17. In our opinion Section 156(3), Cr.P.C. is wide enough to include all such powers in a Magistrate which are necessary for ensuring a proper investigation, and it includes the power to order registration of an F.I.R. and of ordering a proper investigation if the Magistrate is satisfied that a proper investigation has not been done, or is not being done by the police. Section 156(3), Cr.P.C., though briefly worded, in our opinion, is very wide and it will include all such incidental powers as are necessary for ensuring a proper investigation.
18. It is well-settled that when a power is given to an authority to do something it includes such incidental or implied powers which would ensure the proper doing of that thing. In other words, when any power is expressly granted by the statute, there is impliedly included in the grant, even without special mention, every power and every control the denial of which would render the grant itself ineffective. Thus where an Act confers jurisdiction it impliedly also grants the power of doing all such acts or employ such means as are essentially necessary to its execution.
19. The reason for the rule (doctrine of implied power) is quite apparent. Many matters of minor details are omitted from legislation. As Crawford observes in his Statutory Construction (3rd Edn. page 267) :-
“If these details could not be inserted by implication, the drafting of legislation would be an indeterminable process and the legislative intent would likely be defeated by a most insignificant omission.”
20. In ascertaining a necessary implication, the Court simply determines the legislative will and makes it effective. What is necessarily implied is as much part of the statute as if it were specifically written therein.
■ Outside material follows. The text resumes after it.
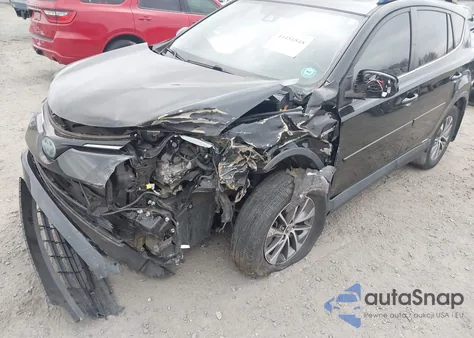 2017 Toyota Rav4 Hybrid Xle z USA, uszkodzony, nr VIN JTMRJREV7HD073254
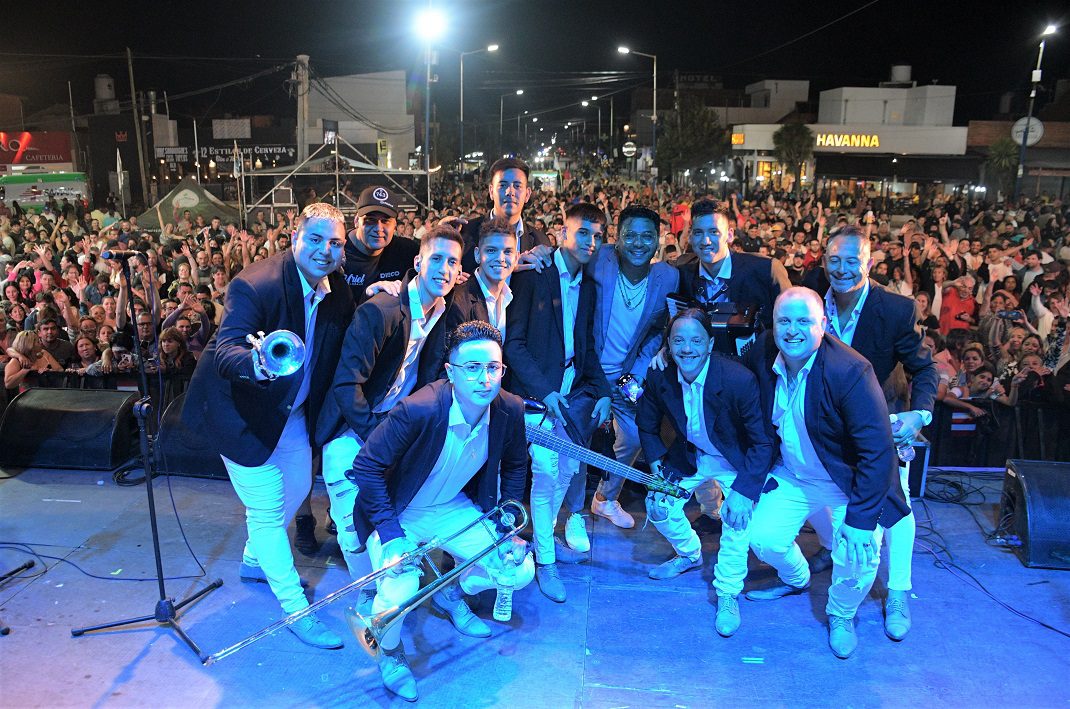 Santa Clara del Mar: Fiesta de la Cerveza Artesanal: se viene Amar Azul para vivir una noche a pura cumbia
21. An express grant of statutory powers carries with it by necessary implication the authority to use all reasonable means to make such grant effective. Thus in ITO, Cannanore vs. M.K. Mohammad Kunhi, AIR 1969 SC 430, this Court held that the Income-tax Appellate Tribunal has implied powers to grant stay, although no such power has been expressly granted to it by the Income-tax Act.
22. Similar examples where this Court has affirmed the doctrine of implied powers are Union of India vs. Paras Laminates, AIR 1991 SC 696; Reserve Bank of India vs. Peerless General Finance and Investment Company Ltd., AIR 1996 SC 646 (at p. 656); Chief Executive Officer and Vice-Chairman, Gujarat Maritime Board vs. Haji Daud Haji Harun Abu, (1996) 11 SCC 23; J. K. Synthetics Ltd. vs. Collector of Central Excise, AIR 1996 SC 3527; State of Karnataka vs. Vishwabharati House Building Co-op Society, (2003) 2 SCC 412 (at p. 432) etc.
23. In Savitri vs. Govind Singh Rawat, AIR 1986 SC 984, this Court held that the power conferred on the Magistrate under Section 125, Cr.P.C. to grant maintenance to the wife implies the power to grant interim maintenance during the pendency of the proceeding, otherwise she may starve during this period.
24. In view of the abovementioned legal position, we are of the view that although Section 156(3) is very briefly worded, there is an implied power in the Magistrate under Section 156(3), Cr.P.C. to order registration of a criminal offence and/or to direct the officer-in-charge of the concerned police station to hold a proper investigation and take all such necessary steps that may be necessary for ensuring a proper investigation including monitoring the same. Even though these powers have not been expressly mentioned in Section 156(3), Cr.P.C., we are of the opinion that they are implied in the above provision.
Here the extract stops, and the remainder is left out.